In einer meist sonnigen Ferienwoche fand vom 3. – 10. August in der Küstenstadt Vlissingen in den Niederlanden in der Provinz Zeeland die 17. Auflage des „HZ“-Turniers statt. Austragungsort war unverändert die in der Ferienzeit von Studenten gemiedene Hochschule von Zeeland. Dort fanden die nahezu 250 Teilnehmer/innen erneut ideale Turnierbedingungen.

Am Hafen von Vlissingen

Der Yachthafen

„Zeeland“ und hier insbesondere die Halbinsel „Walcheren“ ist bei Nordseeurlaubern aus den Niederlanden und Deutschland sehr beliebt, denn der Strand von Vlissingen ist der südlichste Strand in den Niederlanden und die Küstengegend dort in der Region so etwas wie die „Riviera“ der Niederlande. Durch die Runden erst am Abend (Ausnahme: Sonntags und Schlussrunde am 2. Samstag) war für die Teilnehmer genug Gelegenheit für Freizeit- und Erholungsmöglichkeiten nach dem Turniermotto „Chess by the sea“. Vlissingen ist nicht nur als Urlaubsort beliebt und bekannt, sondern auch geschichtlich von Bedeutung, waren es doch die Städte Vlissingen und das nur weniger entfernte Städtchen Middelburg, von welchem vor einigen Hundert Jahren die niederländischen Kolonien angefahren und die Weltmeere erkundet wurden. Seinerzeit waren dies die bedeutensten Städte in den Niederlanden.

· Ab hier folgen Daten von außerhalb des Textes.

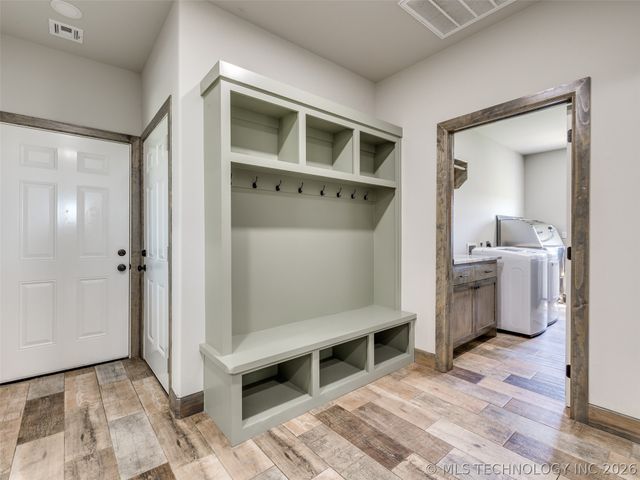 40851 N 3970 Road, Collinsville, OK 74070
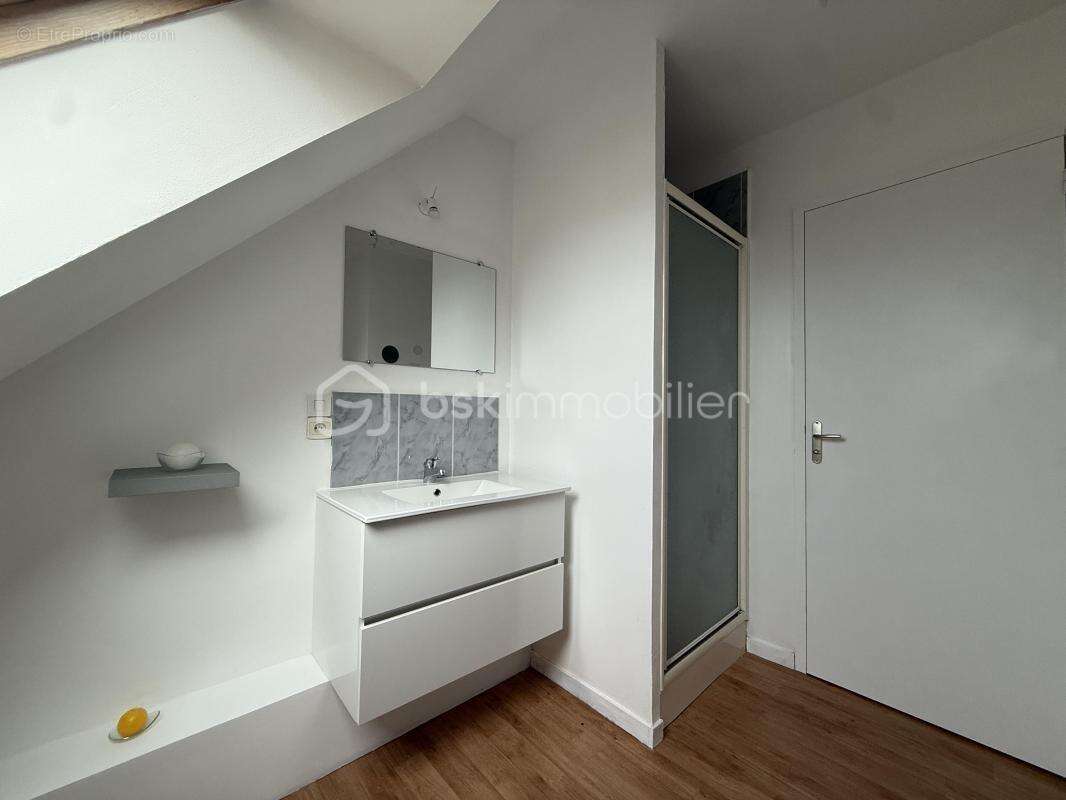 Maison à PONT-L'EVEQUE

Das De-Ruyter-Denkmal am Hafen

Erneut waren neben vielen, vor allem jungen, starken, einheimischen Spielern auch wieder einige Amateure aus Deutschland und Belgien mit am Start sowie einige Profis. Mit mehr als 30 Titelträgern war das Turnier erneut sehr gut besetzt. Besonderheit war, dass erstmals gleich mehrere Sieger der Vorjahre gleichzeitig mit am Start waren. Der polnische GM Michael Krasenkow gewann in Vlissingen bereits 2006 und 2009 mit je 8 Punkten souverän.

Krasenkow, li.

GM Konstantin Landa gewann 2011 ebenfalls souverän als einziger Spieler mit 8 Punkten, und auch der amtierende niederländische Meister und Vorjahressieger GM Dimitri Reinderman (7,5 Punkte in 2012) war mit am Start und wollte seinen Titel verteidigen.

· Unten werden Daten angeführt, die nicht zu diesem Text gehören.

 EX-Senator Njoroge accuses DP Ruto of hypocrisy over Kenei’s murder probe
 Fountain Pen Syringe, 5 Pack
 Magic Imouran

Konstantin Landa, hier gegen Niclas Huschenbeth

Dmitry Reindermann, li, hier gegen Manuel Bosboom

Zum weiteren Favoritenkreis zählten aber auch natürlich der frische Biel-Open-Sieger und Vlissingen-Debütant und virtuell über ELO 2700 spielende indische Großmeister Pentala Harikrishna als Setzlistenerster sowie der zuletzt in guter Form spielende niederländische Großmeister Erwin L’Ami.

Harikrishna, li.

Erneut bot die Vielzahl der Titelträger für die jungen Talente und ambitionierten Amateurspieler die Möglichkeit, sich mit sehr starken Spielern messen zu können und evtl. auch eine Norm zu erreichen.

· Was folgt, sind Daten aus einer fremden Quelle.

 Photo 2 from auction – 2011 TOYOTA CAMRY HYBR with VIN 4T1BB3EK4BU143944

Besonders hervorzuheben ist auch dieses Jahr wieder die perfekte Organisation und Turnierdurchführung incl. täglicher Bulletins, guter Verpflegung/Gastronomie, Bücherstand, Live-Übertragung der ersten 12 Bretter ins Internet sowie Live-Übertragung über Public-Viewing in den gemütlichen Analysebereich, optimale und schnelle Datenaufbereitung auf der Turnierseite im Internet mit vielen Fotos und Partien zum Nachspielen … und nicht zuletzt die äußerst (gast)freundliche Stimmung unter allen Teilnehmern.

 

Erneut gab es keinerlei Streitfälle, sodass das routiniert arbeitende Schiedsrichterteam um Hauptschiedsrichter J.H. Pots nur Routinearbeiten zu erledigen hatte. Assistenten bzw. weitere Schiedsrichter waren A. Bruijns, E. van Elven und E. Ruben. Wie bereits im Vorjahr wurde mit der neuen Fide-Bedenkzeit (90 Minuten für 40 Züge und 30 Minuten für den Rest der Partie zzgl. 30 Sekunden für jeden Zug) gespielt, sodass „Zeitüberschreitung“ ein Fremdwort war und seitens Schiedsrichtern nirgends mitgeschrieben werden musste.

Untergebracht waren die nicht einheimischen Spieler in den verschiedensten Hotels und Pensionen in Vlissingen, wobei die Top-Gesetzten Großmeister im Grand-Arion-Hotel unmittelbar am Boulevard/Strand von Vlissingen einen angenehmen Schach-Urlaubs-Aufenthalt genießen konnten.

Turnierverlauf:

Die erste Runde brachte naturgemäß an den vorderen Brettern keine Überraschungen. Das erste unerwartete Resultat war an Brett 51 zu vermelden, als der deutsche Benno Fuchs sich gegen seinen favorisierten Gegner durchsetzen konnte.

In der zweiten Runde (Sonntags vormittags) gaben sich die Top-Leute erneut keine Blöße. Erst an Tisch 19 war ein Überraschungsergebnis zu verzeichnen.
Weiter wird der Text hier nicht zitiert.